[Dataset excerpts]
=== Begin Enclosure ===

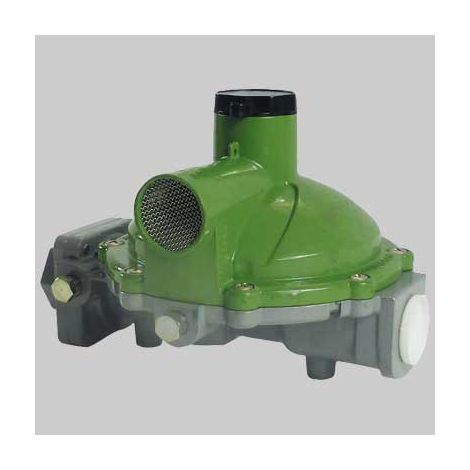 REGOLATORE BASSA PRESSIONE SECONDO STADIO FF A NORMA  Kg 25     MADE IN ITALY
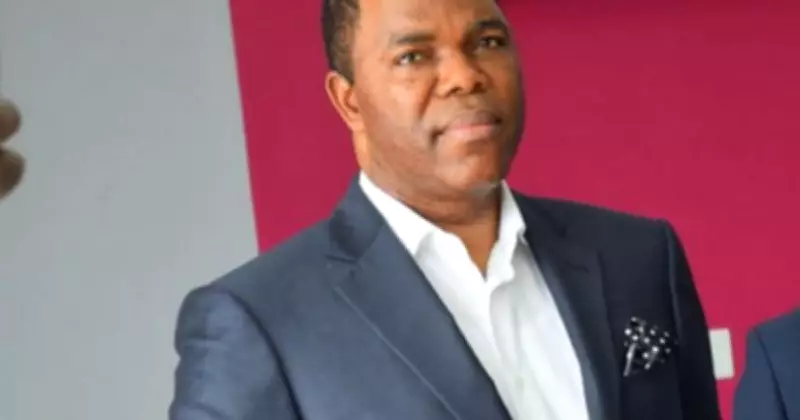 EFCC Arrests Ex-Skye Bank Chairman Tunde Ayeni Over ₦36bn, $30m Fraud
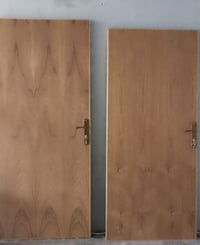 ٣ بيبان • خشب • بدون جرجوبه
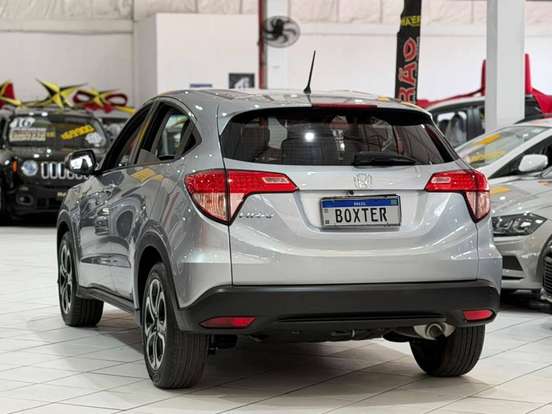 HONDA-HR-V-1.8 16V FLEX LX 4P AUTOMÁTICO HONDA-HR-V-2018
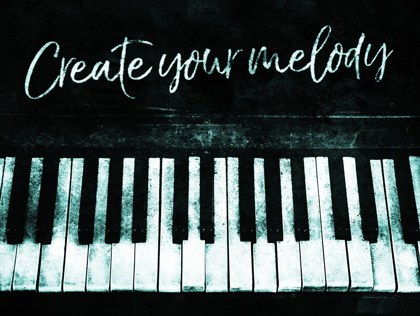 Picture of CREATE YOUR MELODY
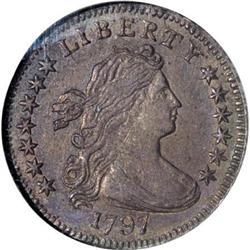 1797 10C 16 Stars AU55 NGC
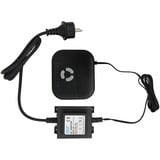 Shelly FrankEver Sprinkler Controller FK06X, Bewässerungssteuerung schwarz, WLAN, Bluetooth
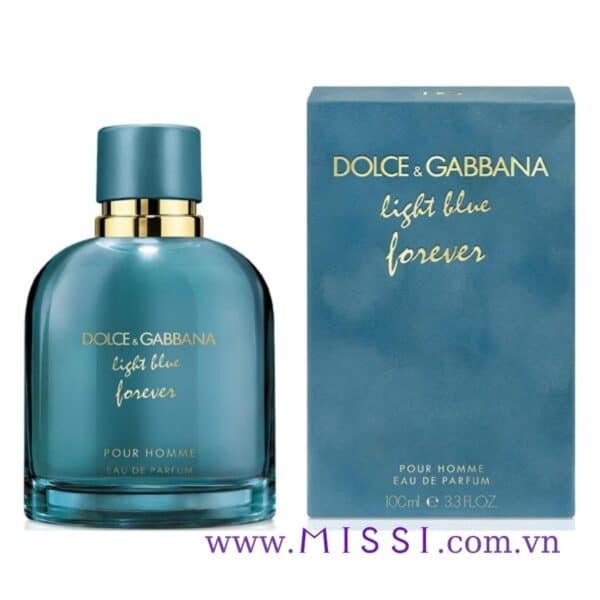 Dolce & Gabbana Light Blue Forever 3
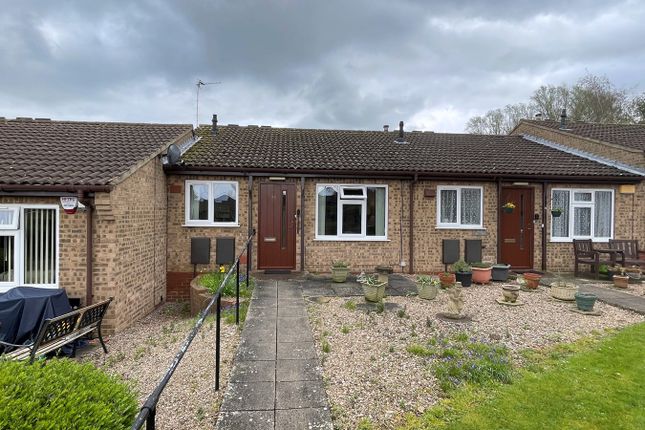 Terraced bungalow for sale in The Wickets, Stapenhill, Burton-On-Trent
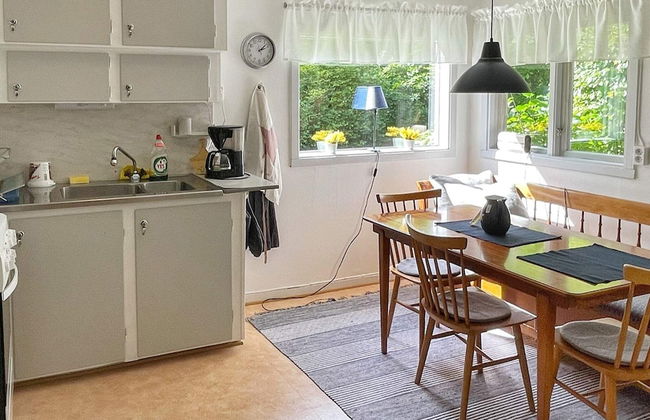 4 Person Holiday Home in Hastveda-by Traum - Foto 6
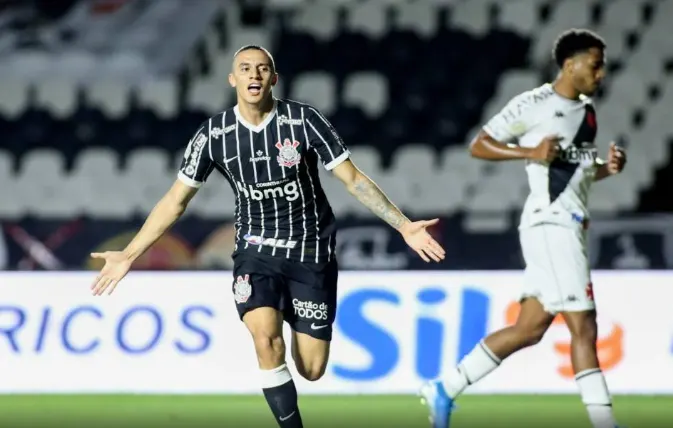 Corinthians mantém Vasco como “freguês” com vitória em São Januário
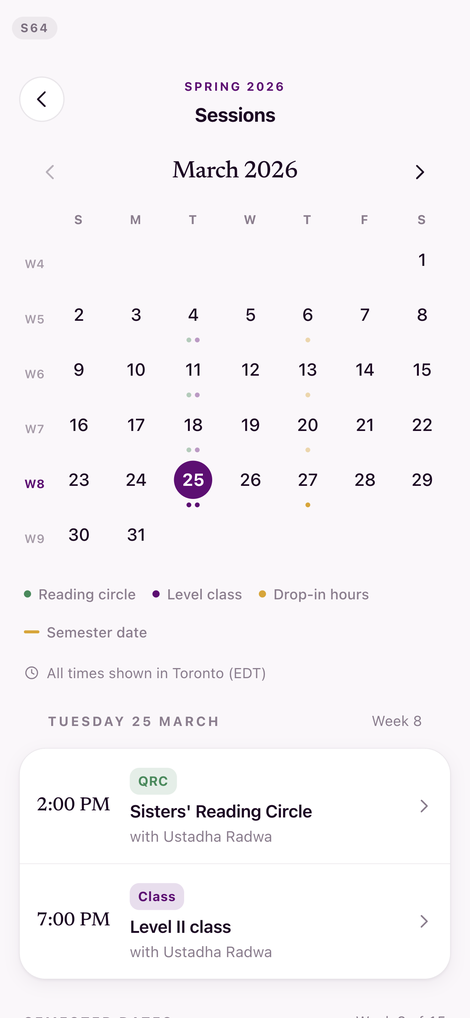 THE MONTH · BEFORE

=== End Enclosure ===

_ABOUT THIS EXERCISE_
Your task is to transcribe exactly the lines from the one containing "Picture of CREATE YOUR MELODY" through the final line of the entries above, pictures excluded.

_SOLUTION TO THIS EXERCISE_
 Picture of CREATE YOUR MELODY
 1797 10C 16 Stars AU55 NGC
 Shelly FrankEver Sprinkler Controller FK06X, Bewässerungssteuerung schwarz, WLAN, Bluetooth
 Dolce & Gabbana Light Blue Forever 3
 Terraced bungalow for sale in The Wickets, Stapenhill, Burton-On-Trent
 4 Person Holiday Home in Hastveda-by Traum - Foto 6
 Corinthians mantém Vasco como “freguês” com vitória em São Januário
 THE MONTH · BEFORE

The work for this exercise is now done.